Embedded chimera states in recurrent neural networks
Chimera state
In order to train a RNN to display a chimera, we first selected a suitable supervisor. Following ref. 4, we used a system of Kuramoto oscillators consisting of two coupled populations of n = 3 identical oscillators (Fig. 1, Methods). Each oscillator is coupled with strength μ within the subpopulation and ν between subpopulations, with μ > ν (Fig. 1B). By using chimera-like initial conditions (see Supplementary Fig. 1), a chimera state is easily achieved where one sub-population synchronizes, while the other is asynchronously oscillating (schematically represented in Fig. 1A by six coupled metronomes.) The phases generated by the oscillators, θi(t) (orange/synchronous population) and ϕi(t) (purple/asynchronous population), will be critical for constructing the supervisor for the RNN (Fig. 1C–E and Supplementary Movie 1).
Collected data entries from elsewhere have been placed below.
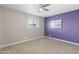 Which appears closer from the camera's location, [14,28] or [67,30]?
[67,30]

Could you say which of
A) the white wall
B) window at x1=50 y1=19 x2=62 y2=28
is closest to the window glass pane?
window at x1=50 y1=19 x2=62 y2=28

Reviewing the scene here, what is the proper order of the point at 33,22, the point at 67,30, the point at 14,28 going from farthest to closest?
the point at 14,28, the point at 67,30, the point at 33,22

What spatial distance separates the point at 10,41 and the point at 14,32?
338 millimetres

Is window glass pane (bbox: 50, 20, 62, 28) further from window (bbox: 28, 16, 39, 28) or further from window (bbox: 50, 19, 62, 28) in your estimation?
window (bbox: 28, 16, 39, 28)

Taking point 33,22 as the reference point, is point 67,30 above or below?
below

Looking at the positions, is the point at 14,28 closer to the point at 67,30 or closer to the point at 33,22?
the point at 33,22

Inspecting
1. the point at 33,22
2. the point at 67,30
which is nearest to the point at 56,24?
the point at 67,30

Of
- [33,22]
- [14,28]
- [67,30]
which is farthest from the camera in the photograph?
[14,28]

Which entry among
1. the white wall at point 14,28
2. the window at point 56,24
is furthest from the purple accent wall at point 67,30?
the white wall at point 14,28

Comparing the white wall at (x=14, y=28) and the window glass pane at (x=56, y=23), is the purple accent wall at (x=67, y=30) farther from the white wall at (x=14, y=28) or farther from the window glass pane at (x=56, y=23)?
the white wall at (x=14, y=28) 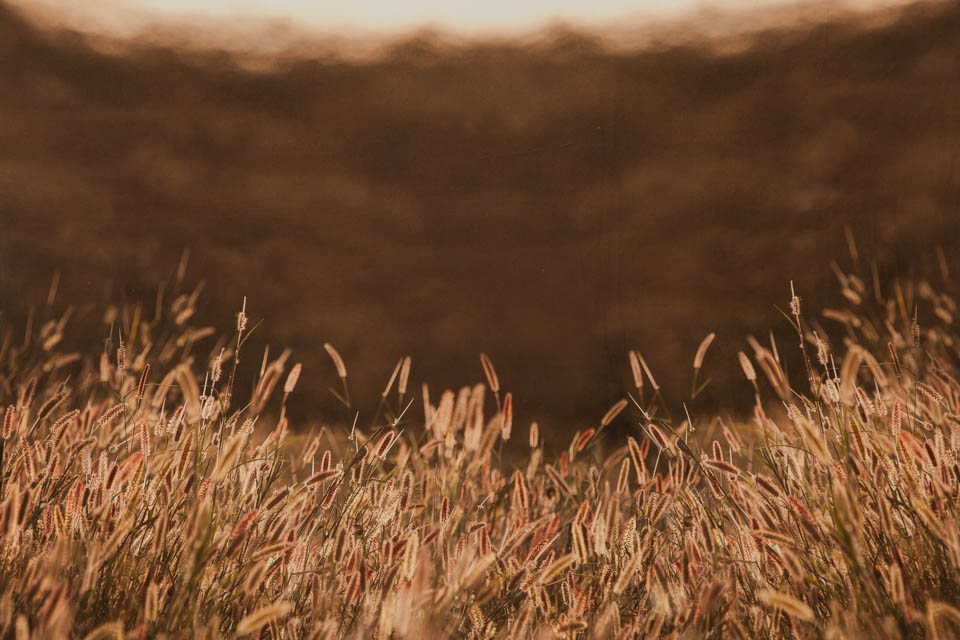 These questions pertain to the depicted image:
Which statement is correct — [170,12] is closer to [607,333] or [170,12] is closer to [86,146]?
[86,146]

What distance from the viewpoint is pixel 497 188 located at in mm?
2240

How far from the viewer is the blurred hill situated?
1898 millimetres

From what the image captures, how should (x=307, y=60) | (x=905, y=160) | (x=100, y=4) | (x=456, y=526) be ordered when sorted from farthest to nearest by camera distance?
(x=307, y=60) < (x=100, y=4) < (x=905, y=160) < (x=456, y=526)

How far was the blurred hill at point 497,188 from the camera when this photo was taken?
1898mm

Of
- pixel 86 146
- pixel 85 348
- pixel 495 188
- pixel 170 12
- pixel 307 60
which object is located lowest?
pixel 85 348

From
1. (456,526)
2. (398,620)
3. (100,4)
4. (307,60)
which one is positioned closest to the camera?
(398,620)

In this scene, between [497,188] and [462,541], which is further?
[497,188]

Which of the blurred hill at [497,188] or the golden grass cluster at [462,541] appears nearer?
the golden grass cluster at [462,541]

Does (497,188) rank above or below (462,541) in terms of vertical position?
above

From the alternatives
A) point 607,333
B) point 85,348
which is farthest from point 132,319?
point 607,333

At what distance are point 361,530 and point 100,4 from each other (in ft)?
5.81

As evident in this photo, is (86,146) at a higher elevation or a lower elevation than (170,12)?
lower

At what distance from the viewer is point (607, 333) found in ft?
7.19

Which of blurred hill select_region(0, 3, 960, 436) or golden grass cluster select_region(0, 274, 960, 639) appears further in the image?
blurred hill select_region(0, 3, 960, 436) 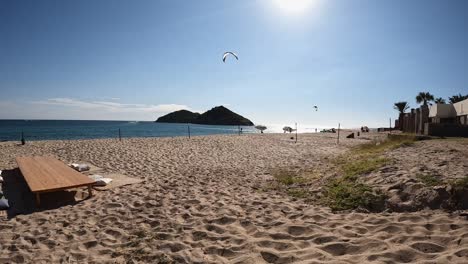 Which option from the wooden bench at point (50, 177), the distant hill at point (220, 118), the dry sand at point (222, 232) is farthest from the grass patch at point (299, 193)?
the distant hill at point (220, 118)

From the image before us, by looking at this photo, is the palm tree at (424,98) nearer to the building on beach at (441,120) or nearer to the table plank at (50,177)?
the building on beach at (441,120)

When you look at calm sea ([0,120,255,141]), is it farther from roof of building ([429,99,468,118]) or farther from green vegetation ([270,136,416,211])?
green vegetation ([270,136,416,211])

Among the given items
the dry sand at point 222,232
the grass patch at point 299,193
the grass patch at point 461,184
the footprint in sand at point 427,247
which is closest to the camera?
the footprint in sand at point 427,247

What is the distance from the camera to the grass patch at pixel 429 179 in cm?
538

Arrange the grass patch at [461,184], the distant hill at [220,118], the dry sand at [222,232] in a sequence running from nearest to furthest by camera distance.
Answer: the dry sand at [222,232]
the grass patch at [461,184]
the distant hill at [220,118]

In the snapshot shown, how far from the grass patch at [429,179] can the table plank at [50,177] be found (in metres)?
7.22

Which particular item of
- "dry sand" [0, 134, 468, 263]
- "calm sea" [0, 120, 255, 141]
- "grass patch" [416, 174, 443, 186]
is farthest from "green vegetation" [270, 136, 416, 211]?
"calm sea" [0, 120, 255, 141]

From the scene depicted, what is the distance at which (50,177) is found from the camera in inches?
280

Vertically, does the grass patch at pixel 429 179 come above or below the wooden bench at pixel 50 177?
above

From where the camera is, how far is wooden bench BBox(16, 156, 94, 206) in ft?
20.5

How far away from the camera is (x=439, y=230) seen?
3.67m

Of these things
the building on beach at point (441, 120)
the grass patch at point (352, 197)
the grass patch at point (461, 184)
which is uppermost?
the building on beach at point (441, 120)

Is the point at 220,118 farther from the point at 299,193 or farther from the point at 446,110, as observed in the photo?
the point at 299,193

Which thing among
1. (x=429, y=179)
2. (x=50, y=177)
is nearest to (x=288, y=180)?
(x=429, y=179) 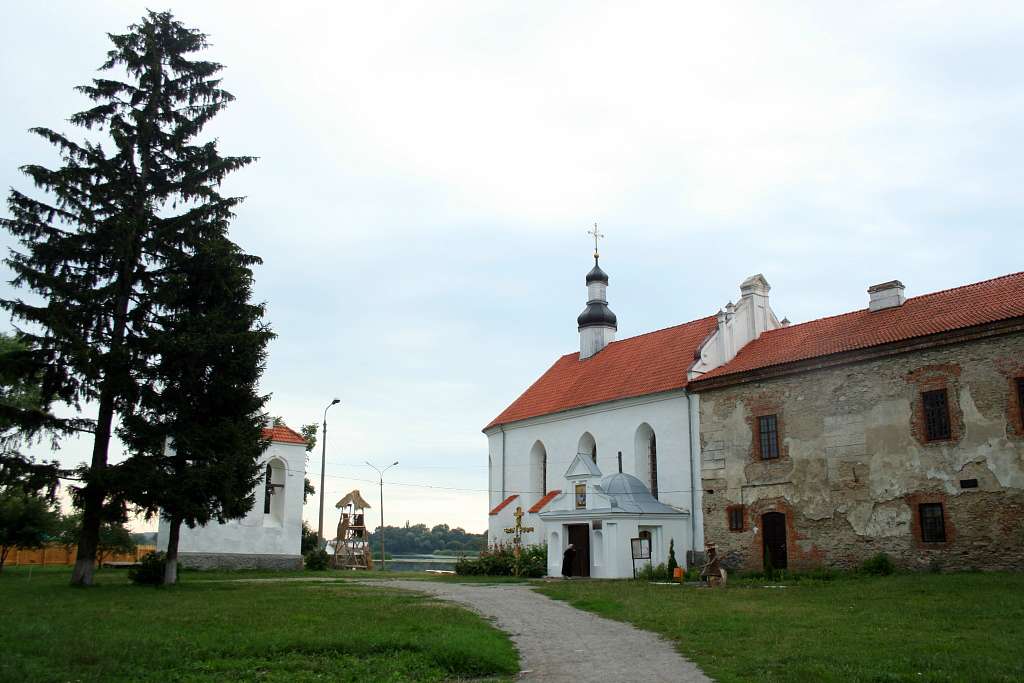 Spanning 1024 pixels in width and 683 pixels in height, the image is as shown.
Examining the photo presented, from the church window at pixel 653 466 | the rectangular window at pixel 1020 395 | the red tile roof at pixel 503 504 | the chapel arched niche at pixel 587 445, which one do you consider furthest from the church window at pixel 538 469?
the rectangular window at pixel 1020 395

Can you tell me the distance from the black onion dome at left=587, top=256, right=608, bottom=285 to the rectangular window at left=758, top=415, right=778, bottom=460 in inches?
646

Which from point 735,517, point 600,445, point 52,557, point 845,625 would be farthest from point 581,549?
point 52,557

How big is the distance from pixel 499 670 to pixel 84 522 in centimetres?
1615

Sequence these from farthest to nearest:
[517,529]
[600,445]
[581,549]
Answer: [517,529], [600,445], [581,549]

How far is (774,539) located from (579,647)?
55.0 ft

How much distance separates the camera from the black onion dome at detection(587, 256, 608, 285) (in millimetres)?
42969

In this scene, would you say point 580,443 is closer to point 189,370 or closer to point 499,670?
point 189,370

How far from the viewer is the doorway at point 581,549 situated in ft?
102

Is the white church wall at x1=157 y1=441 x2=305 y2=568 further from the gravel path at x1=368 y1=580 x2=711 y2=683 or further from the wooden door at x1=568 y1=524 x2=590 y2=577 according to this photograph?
the gravel path at x1=368 y1=580 x2=711 y2=683

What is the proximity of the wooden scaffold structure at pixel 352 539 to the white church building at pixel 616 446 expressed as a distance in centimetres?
592

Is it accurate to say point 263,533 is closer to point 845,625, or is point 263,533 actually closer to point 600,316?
point 600,316

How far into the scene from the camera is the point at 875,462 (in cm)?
2459

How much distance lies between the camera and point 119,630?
39.7ft

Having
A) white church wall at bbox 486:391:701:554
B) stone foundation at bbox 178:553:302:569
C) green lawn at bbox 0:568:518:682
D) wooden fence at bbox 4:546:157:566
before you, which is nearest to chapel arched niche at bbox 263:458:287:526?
stone foundation at bbox 178:553:302:569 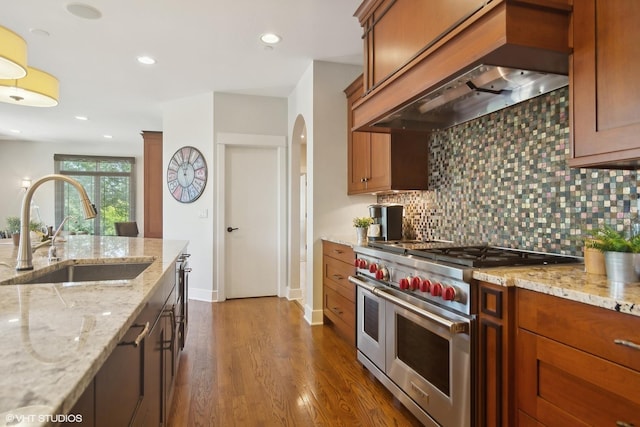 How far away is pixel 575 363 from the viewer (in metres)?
1.15

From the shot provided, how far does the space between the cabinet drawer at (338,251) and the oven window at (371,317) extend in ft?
1.67

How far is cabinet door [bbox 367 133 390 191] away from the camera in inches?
113

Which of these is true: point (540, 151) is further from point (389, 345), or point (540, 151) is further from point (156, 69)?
point (156, 69)

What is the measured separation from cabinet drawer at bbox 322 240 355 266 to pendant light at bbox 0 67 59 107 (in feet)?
7.85

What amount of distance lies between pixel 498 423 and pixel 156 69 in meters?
4.17

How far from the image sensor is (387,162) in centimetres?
287

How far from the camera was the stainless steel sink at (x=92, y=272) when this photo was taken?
1.72 meters

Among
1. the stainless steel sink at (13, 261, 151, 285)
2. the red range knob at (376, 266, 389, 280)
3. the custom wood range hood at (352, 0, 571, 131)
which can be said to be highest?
the custom wood range hood at (352, 0, 571, 131)

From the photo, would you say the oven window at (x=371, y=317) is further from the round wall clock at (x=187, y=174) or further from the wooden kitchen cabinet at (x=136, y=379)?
the round wall clock at (x=187, y=174)

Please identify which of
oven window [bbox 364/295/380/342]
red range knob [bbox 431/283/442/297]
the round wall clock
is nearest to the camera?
red range knob [bbox 431/283/442/297]

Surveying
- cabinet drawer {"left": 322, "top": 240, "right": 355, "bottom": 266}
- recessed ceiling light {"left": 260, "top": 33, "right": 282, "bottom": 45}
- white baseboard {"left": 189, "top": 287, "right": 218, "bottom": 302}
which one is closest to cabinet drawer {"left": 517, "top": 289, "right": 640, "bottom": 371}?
cabinet drawer {"left": 322, "top": 240, "right": 355, "bottom": 266}

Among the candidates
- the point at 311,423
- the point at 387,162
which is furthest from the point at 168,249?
the point at 387,162

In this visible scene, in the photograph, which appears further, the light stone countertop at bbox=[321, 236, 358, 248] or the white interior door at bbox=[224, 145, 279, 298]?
the white interior door at bbox=[224, 145, 279, 298]

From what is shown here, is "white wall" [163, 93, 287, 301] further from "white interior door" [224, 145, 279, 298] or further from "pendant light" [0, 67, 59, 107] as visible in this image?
"pendant light" [0, 67, 59, 107] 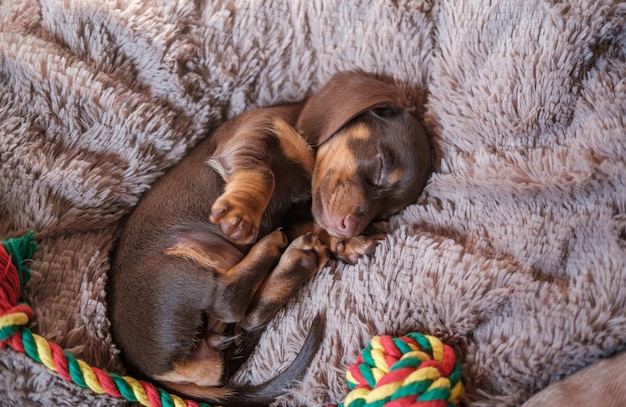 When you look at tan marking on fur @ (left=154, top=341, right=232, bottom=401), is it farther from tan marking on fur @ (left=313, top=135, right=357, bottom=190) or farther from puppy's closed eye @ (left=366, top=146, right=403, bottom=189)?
puppy's closed eye @ (left=366, top=146, right=403, bottom=189)

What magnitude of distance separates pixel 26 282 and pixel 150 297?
→ 39cm

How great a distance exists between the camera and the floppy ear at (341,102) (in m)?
1.87

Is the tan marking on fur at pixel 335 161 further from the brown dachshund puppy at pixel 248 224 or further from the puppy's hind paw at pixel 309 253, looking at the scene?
the puppy's hind paw at pixel 309 253

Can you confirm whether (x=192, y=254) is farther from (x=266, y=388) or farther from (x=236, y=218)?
(x=266, y=388)

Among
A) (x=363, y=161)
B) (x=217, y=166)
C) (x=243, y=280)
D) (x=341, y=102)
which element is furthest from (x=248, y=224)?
(x=341, y=102)

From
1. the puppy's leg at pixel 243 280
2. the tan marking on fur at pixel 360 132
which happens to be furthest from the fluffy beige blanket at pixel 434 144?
the tan marking on fur at pixel 360 132

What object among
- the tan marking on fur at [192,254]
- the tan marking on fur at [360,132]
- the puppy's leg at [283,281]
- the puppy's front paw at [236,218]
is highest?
the tan marking on fur at [360,132]

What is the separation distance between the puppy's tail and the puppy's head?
396mm

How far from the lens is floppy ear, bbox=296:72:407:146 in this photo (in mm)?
1869

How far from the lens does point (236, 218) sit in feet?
5.35

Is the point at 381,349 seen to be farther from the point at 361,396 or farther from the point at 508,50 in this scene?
the point at 508,50

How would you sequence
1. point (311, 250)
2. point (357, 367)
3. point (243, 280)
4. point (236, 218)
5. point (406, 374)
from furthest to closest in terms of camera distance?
point (311, 250), point (243, 280), point (236, 218), point (357, 367), point (406, 374)

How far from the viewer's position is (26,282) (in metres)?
1.58

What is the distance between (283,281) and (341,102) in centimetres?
74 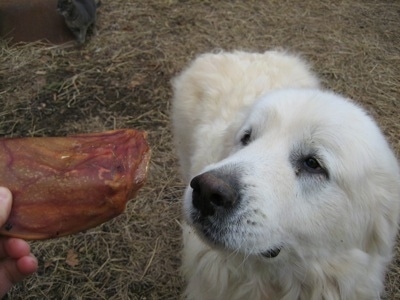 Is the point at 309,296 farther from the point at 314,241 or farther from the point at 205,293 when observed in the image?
the point at 205,293

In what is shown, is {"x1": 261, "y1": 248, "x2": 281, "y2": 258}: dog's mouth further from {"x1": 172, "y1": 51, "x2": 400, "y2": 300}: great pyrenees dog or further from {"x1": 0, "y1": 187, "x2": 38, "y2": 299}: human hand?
{"x1": 0, "y1": 187, "x2": 38, "y2": 299}: human hand

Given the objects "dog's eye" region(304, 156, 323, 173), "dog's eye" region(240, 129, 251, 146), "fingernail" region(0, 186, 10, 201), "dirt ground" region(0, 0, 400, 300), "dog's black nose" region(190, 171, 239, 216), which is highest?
"dog's eye" region(304, 156, 323, 173)

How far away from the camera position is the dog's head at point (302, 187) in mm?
1702

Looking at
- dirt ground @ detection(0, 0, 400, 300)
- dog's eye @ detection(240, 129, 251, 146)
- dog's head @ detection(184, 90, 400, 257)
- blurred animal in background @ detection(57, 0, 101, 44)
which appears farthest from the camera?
blurred animal in background @ detection(57, 0, 101, 44)

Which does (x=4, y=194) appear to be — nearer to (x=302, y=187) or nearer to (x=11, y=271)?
(x=11, y=271)

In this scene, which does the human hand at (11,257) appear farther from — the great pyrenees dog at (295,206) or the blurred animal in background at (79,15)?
the blurred animal in background at (79,15)

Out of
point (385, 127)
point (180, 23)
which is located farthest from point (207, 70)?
point (180, 23)

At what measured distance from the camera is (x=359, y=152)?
6.16 feet

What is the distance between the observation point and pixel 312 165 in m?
1.86

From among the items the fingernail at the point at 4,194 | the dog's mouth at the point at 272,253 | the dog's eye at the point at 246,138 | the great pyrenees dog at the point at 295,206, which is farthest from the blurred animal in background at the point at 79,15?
the dog's mouth at the point at 272,253

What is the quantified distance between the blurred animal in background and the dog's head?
3.17 meters

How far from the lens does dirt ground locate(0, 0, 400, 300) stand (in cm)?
302

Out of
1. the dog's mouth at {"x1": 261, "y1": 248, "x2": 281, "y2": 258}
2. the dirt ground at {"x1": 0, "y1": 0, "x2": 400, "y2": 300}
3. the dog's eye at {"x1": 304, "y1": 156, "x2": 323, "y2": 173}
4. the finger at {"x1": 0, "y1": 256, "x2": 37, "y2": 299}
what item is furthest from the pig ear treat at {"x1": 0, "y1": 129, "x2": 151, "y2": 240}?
the dirt ground at {"x1": 0, "y1": 0, "x2": 400, "y2": 300}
A Schematic representation of the chimera state: each metronome represents an oscillator with phase θi (orange or light gray for b/w printing, synchronous group) or ϕi (purple or dark gray for b/w printing, asynchronous group). B Diagram showing the coupling scheme of the two groups (n = 3): oscillators are coupled with strength μ within the same group and ν between groups, note that μ > ν. C Time-series of the 6 different oscillator’s phases θi (orange) and ϕi (purple). D Snapshot of phases θi and ϕi for the 6 oscillators at t = 4500. E Same as panel D in polar coordinates. F Mean phase velocity profile. G Trajectories of the order parameter for both groups.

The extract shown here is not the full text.